WORK TO BE COMPLETED: This exercise calls for the records to be returned exactly, with images removed.

**** INPUT

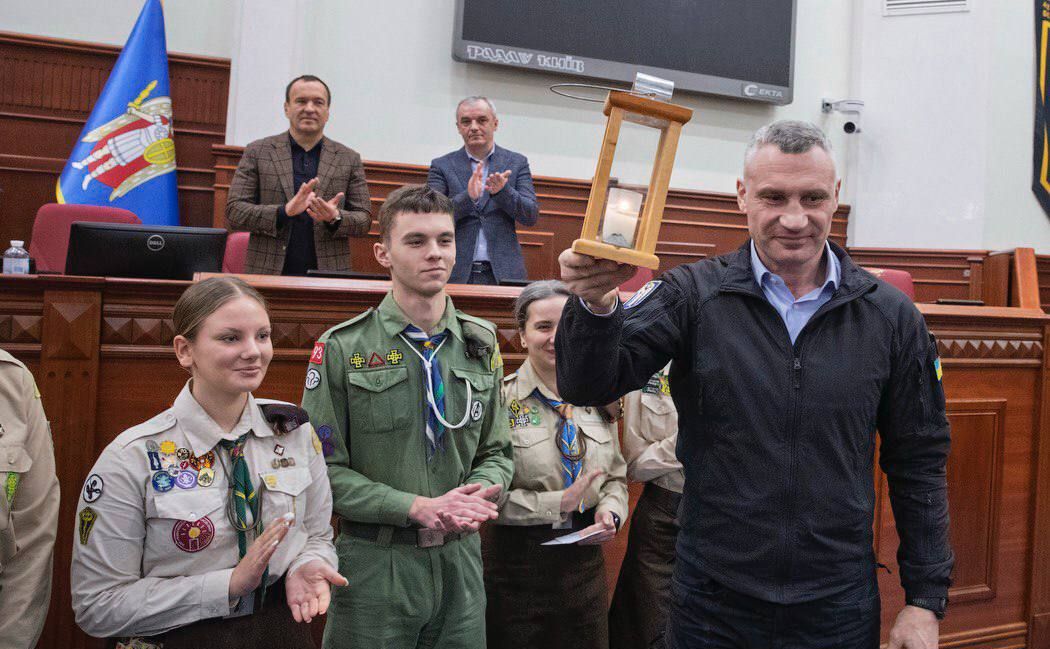 Фото: пресслужба мера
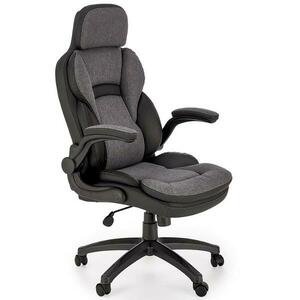 Forgószék Valerio fekete kép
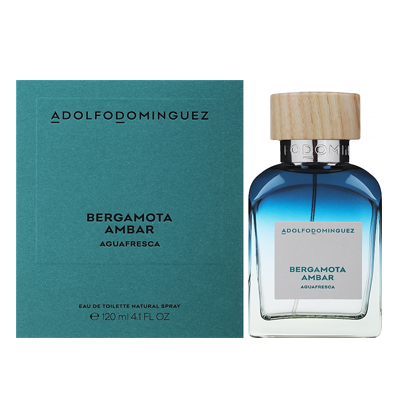 Agua Fresca Bergamota Ambar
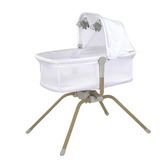 Babyhood Babyhood Rocking Travel Bassinet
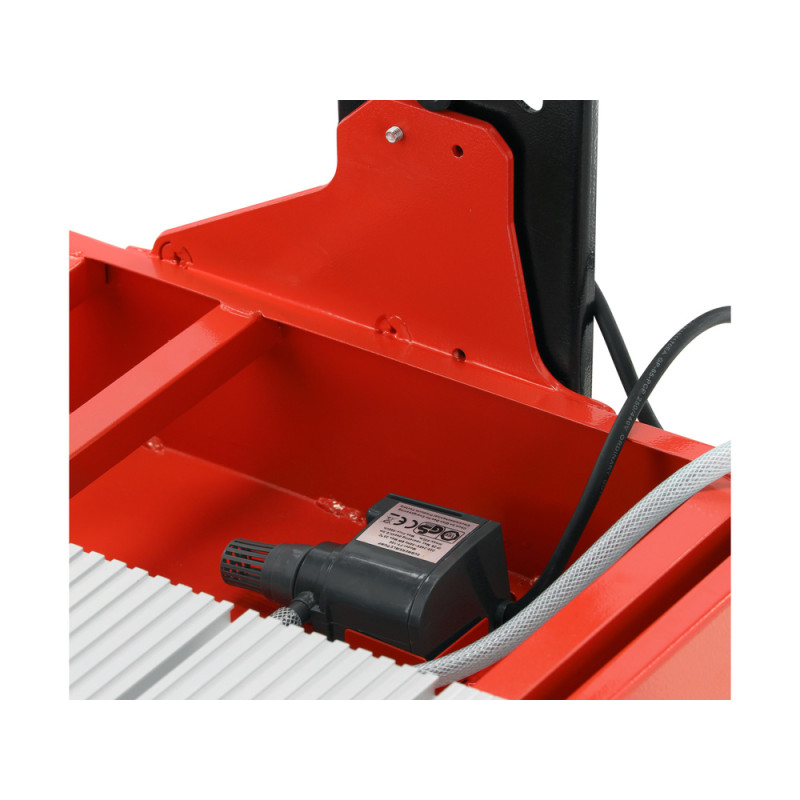 YT-821597 YATO Masina taiat placi ceramice 1500 W (250X25.4mm; 1250mm)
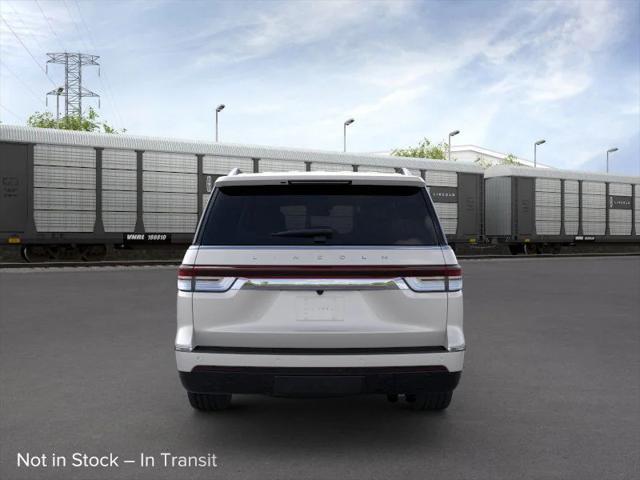 new 2024 Lincoln Navigator car, priced at $105,440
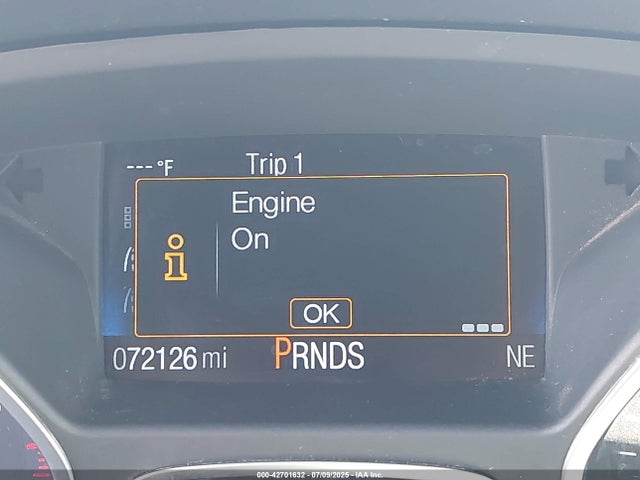 Ford ESCAPE SE 2017 1FMCU0GD2HUA54569 Image 16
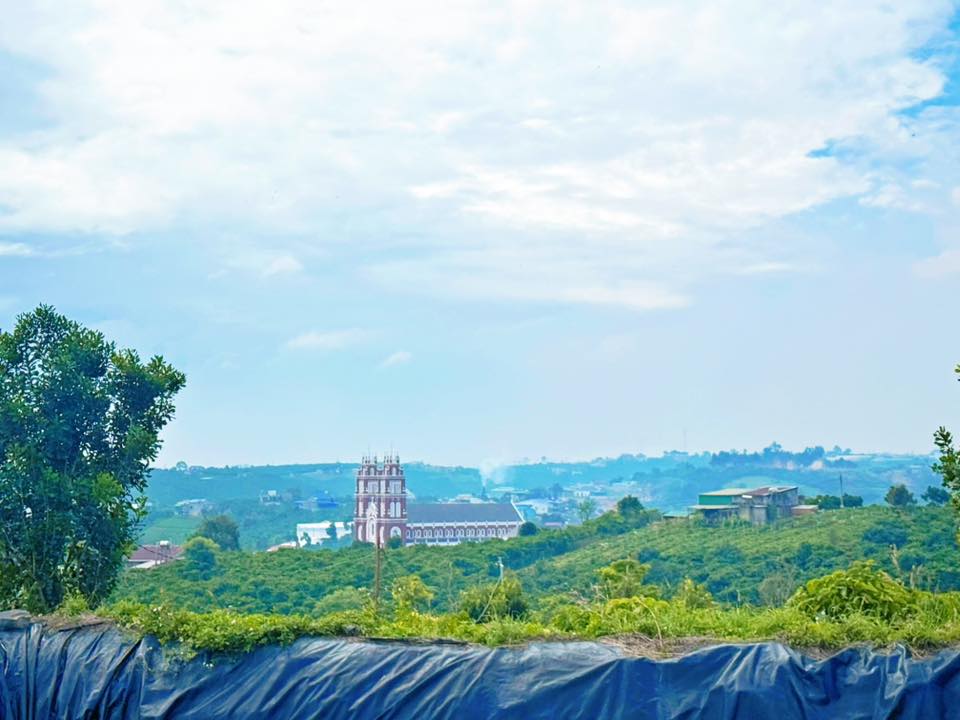 Đất nền Đan Phượng Lâm Hà 1000m² giá 1 tỷ - Sổ đỏ chính chủ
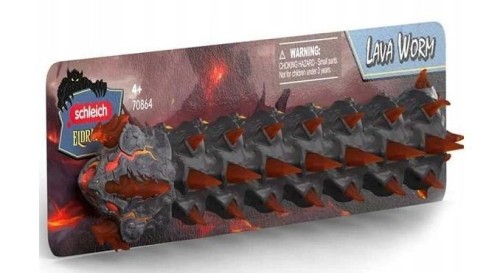 Eldrador - Lawowy Robak, SCHLEICH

********

WORKED SOLUTION:
 Фото: пресслужба мера
 Forgószék Valerio fekete kép
 Agua Fresca Bergamota Ambar
 Babyhood Babyhood Rocking Travel Bassinet
 YT-821597 YATO Masina taiat placi ceramice 1500 W (250X25.4mm; 1250mm)
 new 2024 Lincoln Navigator car, priced at $105,440
 Ford ESCAPE SE 2017 1FMCU0GD2HUA54569 Image 16
 Đất nền Đan Phượng Lâm Hà 1000m² giá 1 tỷ - Sổ đỏ chính chủ
 Eldrador - Lawowy Robak, SCHLEICH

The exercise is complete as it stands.